(Data for this exercise)

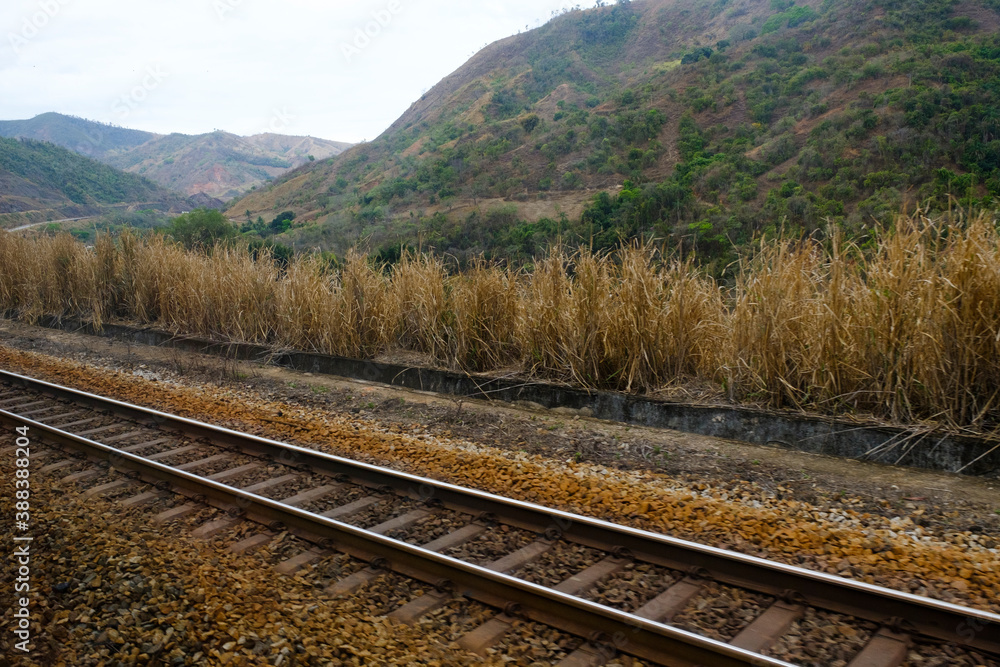 Fototapeta premium railway in the mountains
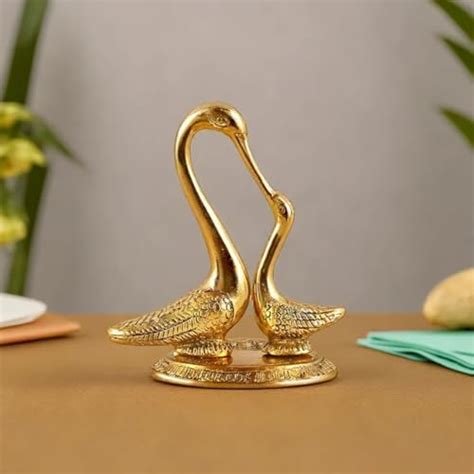 PURESTORY Swan Pair Showpiece | Pair of Kissing Duck | Swan Showpieces ...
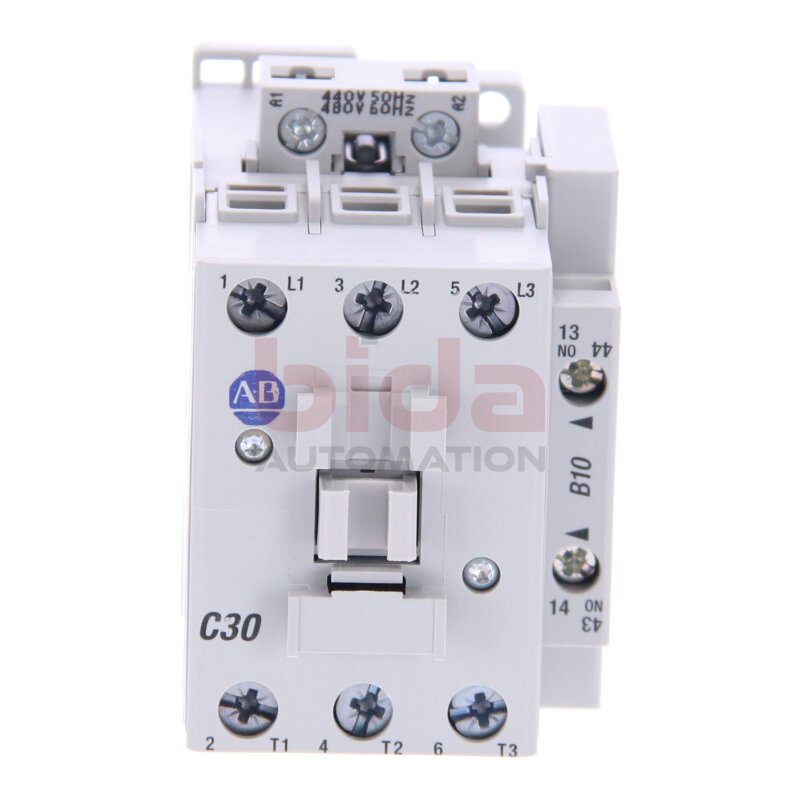 Allen-Bradley 100-C30B10 (10662468627358) Leistungssch&uuml;tz / Power Contactor 480V 440V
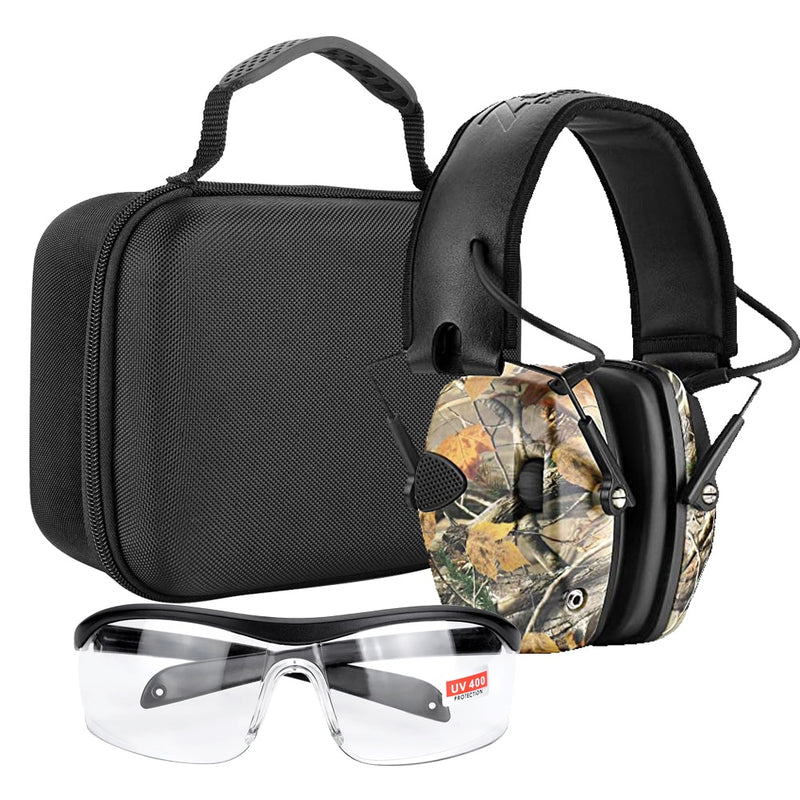 Orejeras ZOHAN, auriculares activos para disparar, protección auditiva electrónica, protección auditiva, reducción de ruido, auriculares de caza activos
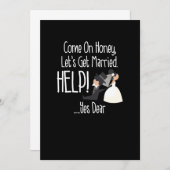 お願いよハニー、結婚しようよ! ヘルプ! 面白いね 招待状 (正面/裏面)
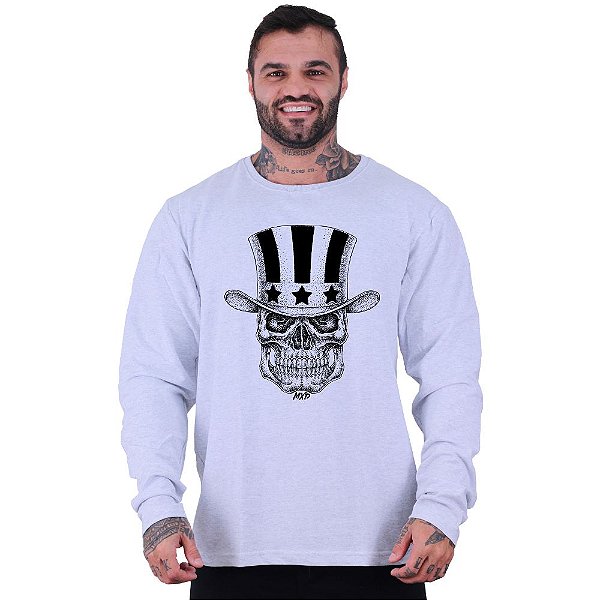 Blusa Moletom Basic Masculina MXD Conceito Sem Touca Caveira Cartola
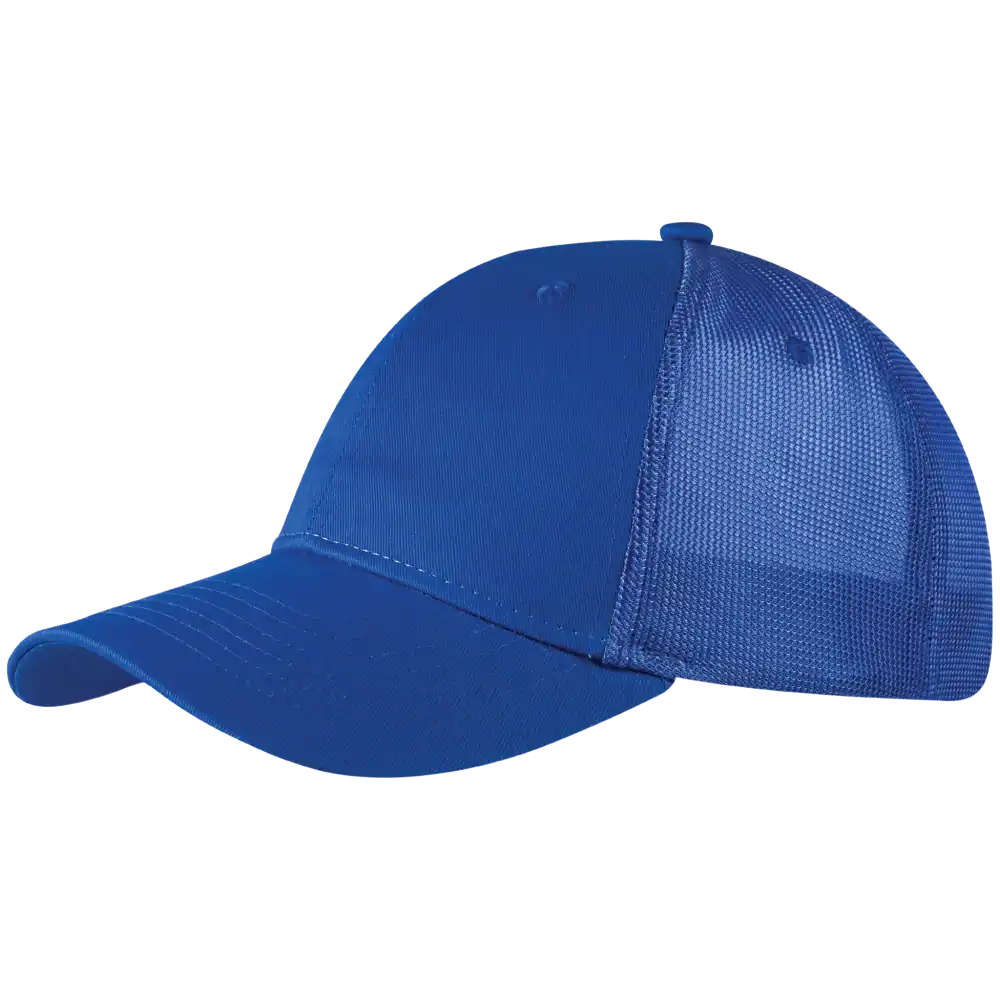 NewMesh trucker lippis royal sininen omalla logolla-ZigiZagi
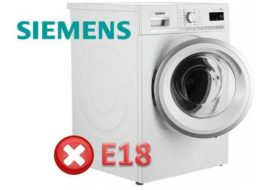 Kļūda E18 Siemens SM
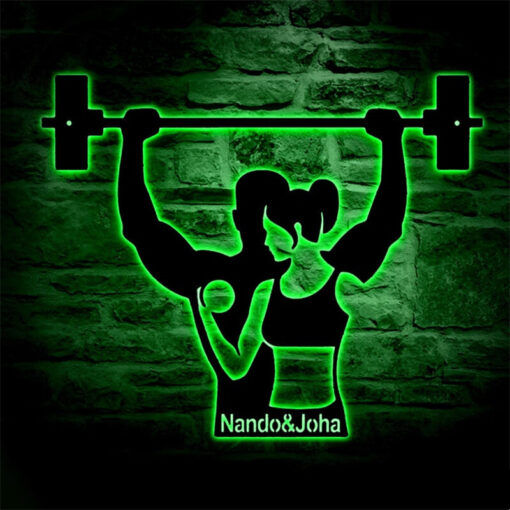 Custom Couple Workout Fitness Metal Sign Wall Art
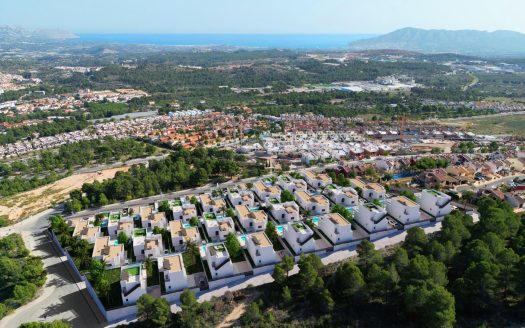 Stunning New Build Villas in Polop with Sea Views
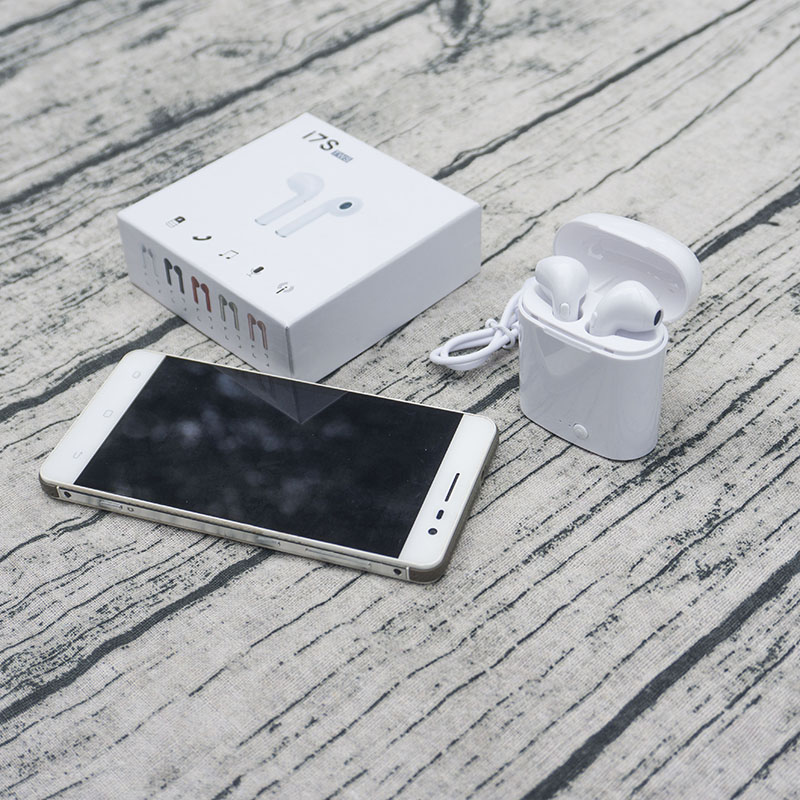 Tai nghe headphone bluetooth iphone X i7S có dock sạc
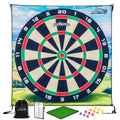 Gosports Chip N' Stick Golf Chipping Mat Game With Golf Balls - Choose Classic, Darts Or Islands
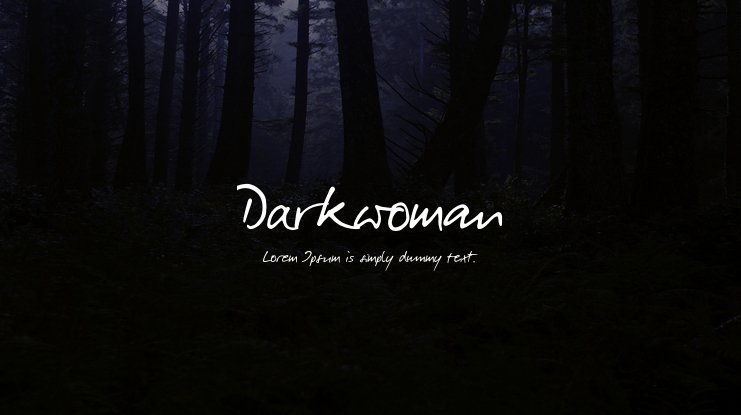フォント Darkwoman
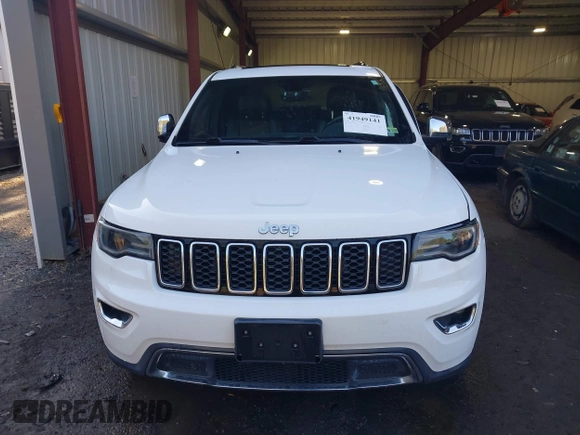 2017 Jeep Grand Cherokee Limited with VIN 1C4RJEBG9HC846715, listed as a IAAI auction lot 41949141 with 88,068 mi miles. Bid and sale history available at carsss.com. Image 12.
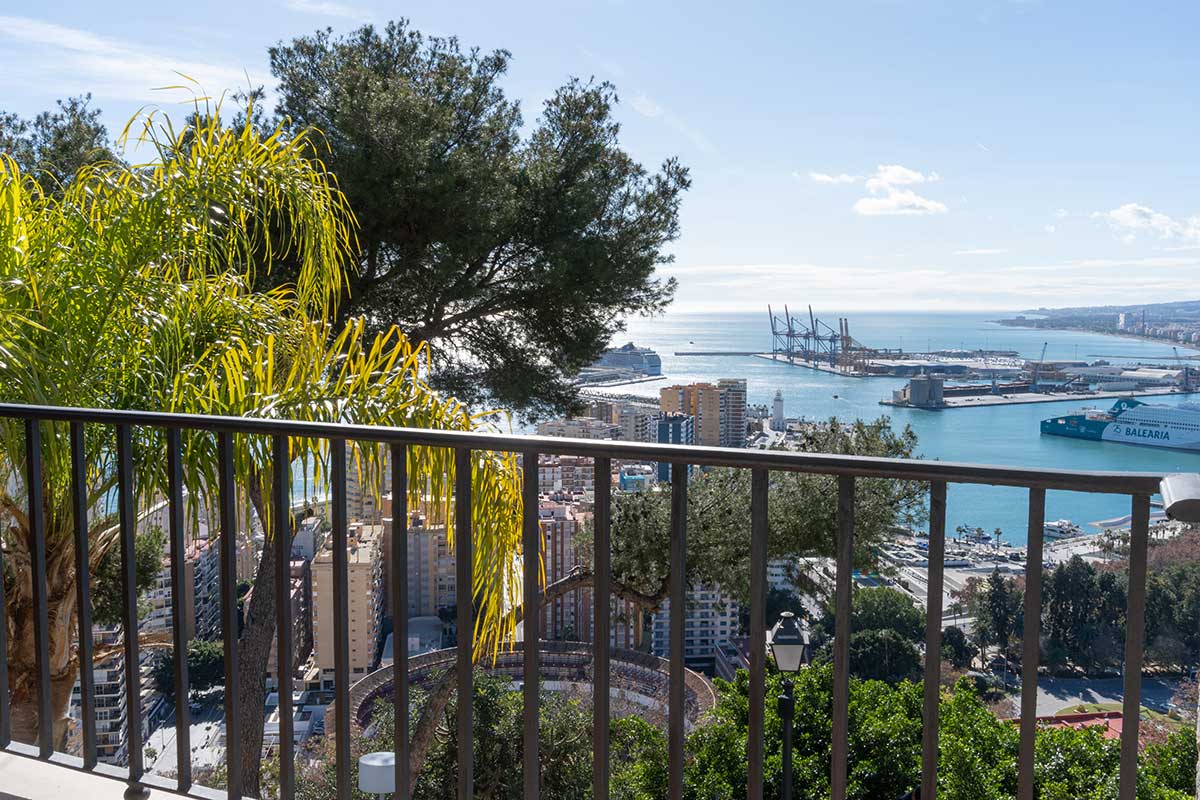 Panoramic views from Restaurante Mirador Gibralfaro, Malaga.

(End Data for this exercise)

Task directions: Would you please reproduce the entries above, starting at the line with "Stunning New Build" and stopping after the line with "2017 Jeep Grand"? Omit any pictures.

Written response:
 Stunning New Build Villas in Polop with Sea Views
 Tai nghe headphone bluetooth iphone X i7S có dock sạc
 Gosports Chip N' Stick Golf Chipping Mat Game With Golf Balls - Choose Classic, Darts Or Islands
フォント Darkwoman
 2017 Jeep Grand Cherokee Limited with VIN 1C4RJEBG9HC846715, listed as a IAAI auction lot 41949141 with 88,068 mi miles. Bid and sale history available at carsss.com. Image 12.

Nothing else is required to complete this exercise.